═══ Source data
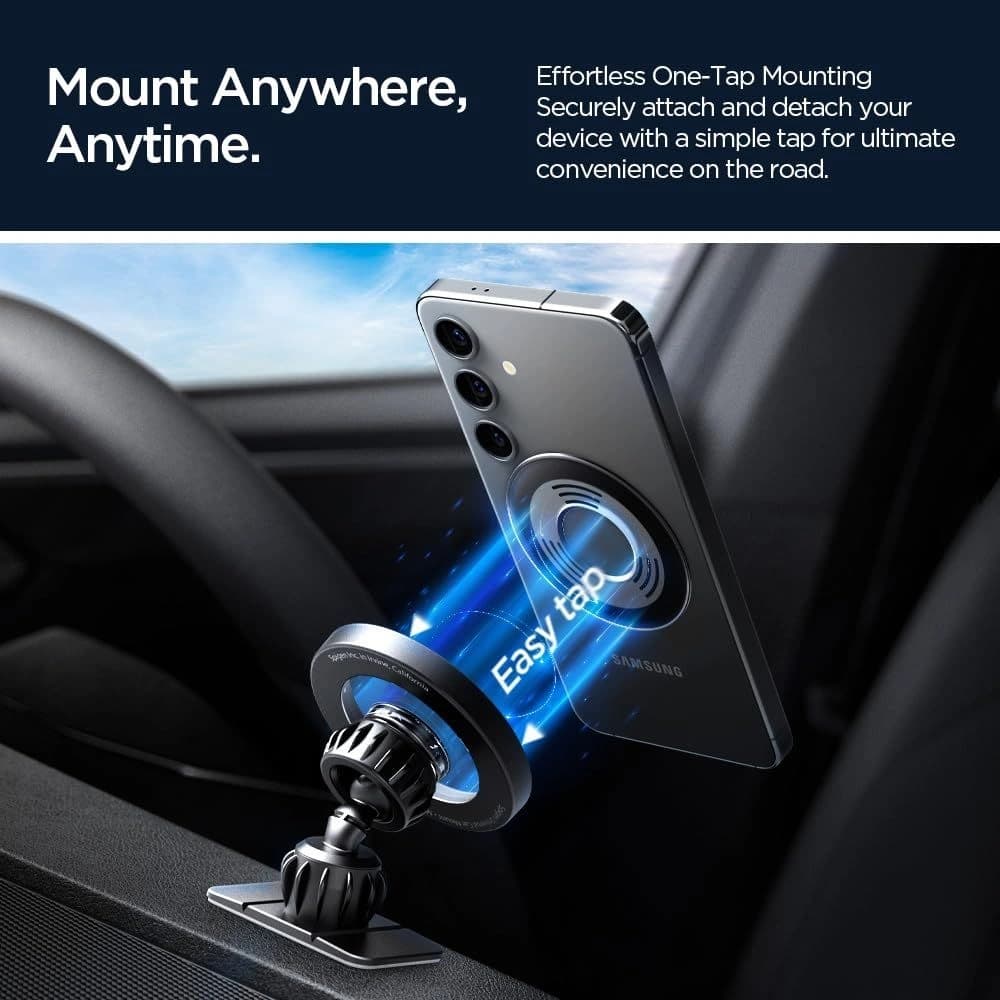 Uchwyt samochodowy na kokpit / do kratki Spigen MFT13 Magnetic MagSafe Dashboard & Vent Car Mount Black - 8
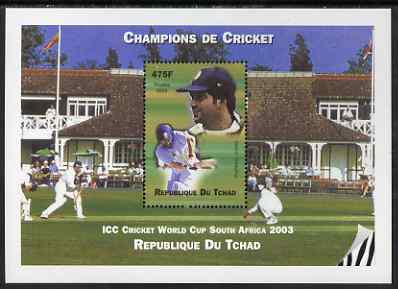Chad 2002 Cricket World Cup perf m/sheet #4 showing Sachin Tendulkar unmounted mint. Note this item is privately produced and is offered purely on its thematic appeal. , stamps on personalities, stamps on sport, stamps on cricket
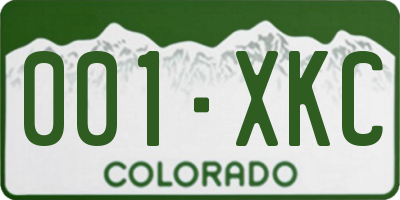 CO license plate 001XKC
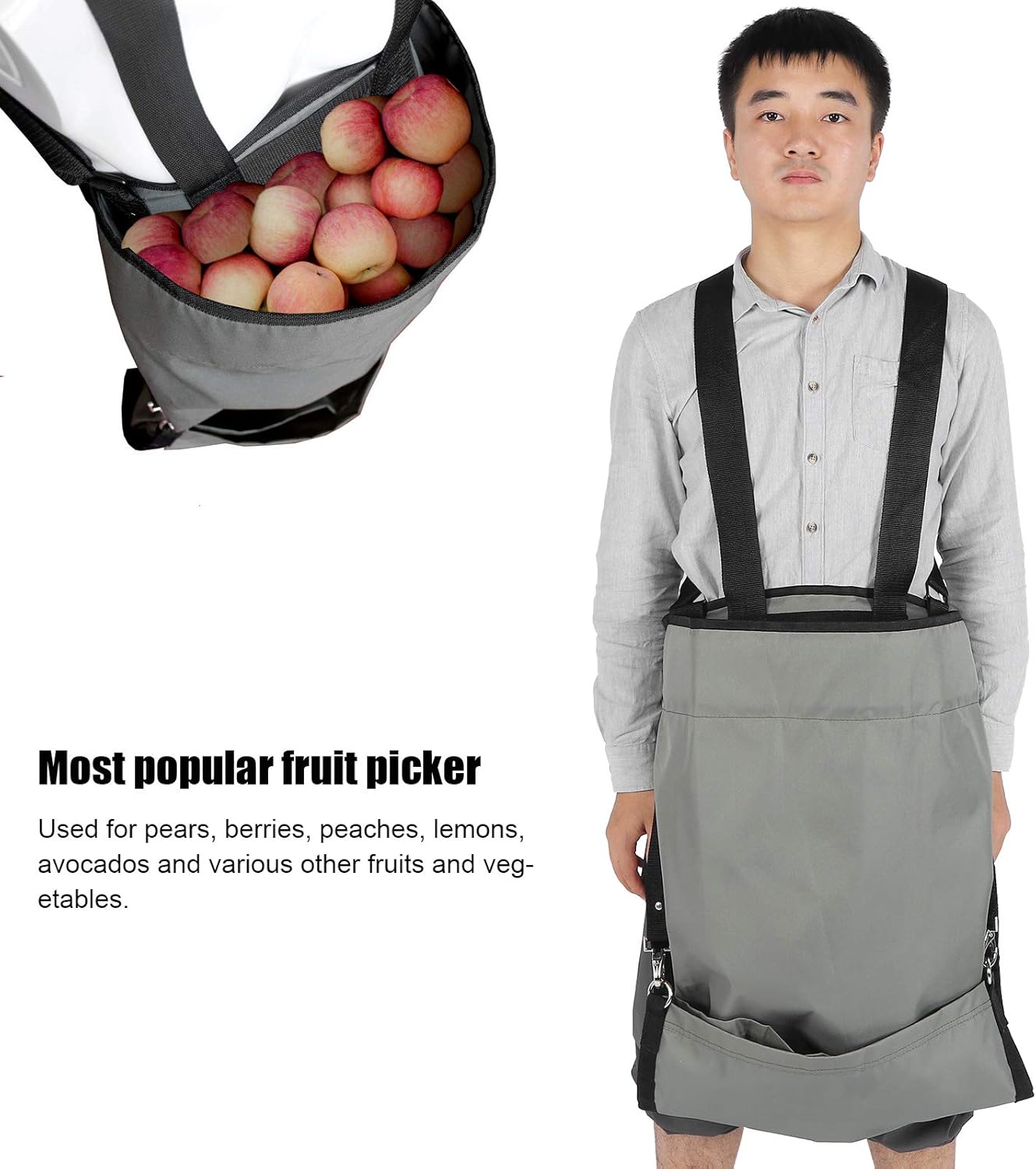 Fdit Adjustable Fruit Picking Apron, 600D Oxford Cloth, Vegetable Harvest Bag, 86x49cm, Garden Storage Pouch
══════
What you need to do: Give back the material above exactly as it appears, minus any picture.

Answer to this task:
 Uchwyt samochodowy na kokpit / do kratki Spigen MFT13 Magnetic MagSafe Dashboard & Vent Car Mount Black - 8
Chad 2002 Cricket World Cup perf m/sheet #4 showing Sachin Tendulkar unmounted mint. Note this item is privately produced and is offered purely on its thematic appeal. , stamps on personalities, stamps on sport, stamps on cricket
 CO license plate 001XKC
 Fdit Adjustable Fruit Picking Apron, 600D Oxford Cloth, Vegetable Harvest Bag, 86x49cm, Garden Storage Pouch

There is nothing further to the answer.